The Vatican has a good PR department. With half a billion adherents to the Christian brand, one might say this has always been the case. By the looks of certain papal headwear this festive season, a ‘merger’ with Coca-Cola’s Santa Claus logo seems to be on the cards, which could provide a further boost!
Their recent communication strategy may also prove an effective, if sinister ploy. From Pope Benedict XVI’s Christmas message:
“Today we have vast material resources available to us,” he said. “The men of this technological age risk becoming victims of the successes of their intelligence and the results of their operative capabilities, if what they obtain is spiritual atrophy and an emptiness of the heart.
First, I think he is wrong to worry. The two largest technological revolutions are those of digital communications, and microbiology. Our capability for genetic engineering is certainly a potent force, but the furore surrounding GM crops is evidence that the scientists, the politicians and the public are acutely aware of the power we hold. Of course we need to take care, but the debate is proceeding slowly, precisely because of our ethical heritage.
I sense that the Pope is in fact referring to the advances in digital communications. In this case, the focus is on more people being able to communicate faster and easier. I would disagree that this will somehow lead to a diminished sense of soul. Indeed, these inventions have fostered entirely new types of community, ones that are not based on the accidents of geography or time. It allows people to maintain relationships with friends and family over long distances, and it allows communities to organise much more efficiently. Later in his address, the Pope emphasised the idea of a global family. Mankind is using these technologies to better itself – where is this threatening spiritual decline?
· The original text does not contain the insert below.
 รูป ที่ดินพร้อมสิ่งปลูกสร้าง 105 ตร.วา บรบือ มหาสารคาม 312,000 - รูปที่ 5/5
It is not our spirituality that is threatened, merely the Church and its outdated modus operandi. The Church does not deal in verifiable facts, but in the ideas we let into our minds. In the 21st Century, ideas flow so freely and cheaply that they are rebutted by a choir of voices almost as soon as they are aired. The Internet provides such diversity of thought and opinion, and the institution is particularly vulnerable to dissent and rebuttal. The Heiresarchs can no longer be silenced.
The Pope is free to tell us that our technological advances are threat to human spirituality. It is in fact only the Catholic Church that is under threat, but His Holiness uses his position to equate the two. He may well believe his analysis to be true, but it is a classic piece of propaganda and Christians should not fall for it. Instead, they should celebrate the growth in spirituality that the technology offers. Our new methods of communication allow minority voices to be heard, bringing new concepts of human value, and how people should spend their time. This may not be a new religion, merely an emphasis on (say) creativity and expression. The Catholic Church may “slip from their heart” but that is not to say that some other spiritual element cannot fill that void, even if it is simply concepts of kindness and happiness, which even atheists recognise as being a part of their substance. Who are you calling empty hearted, Joseph?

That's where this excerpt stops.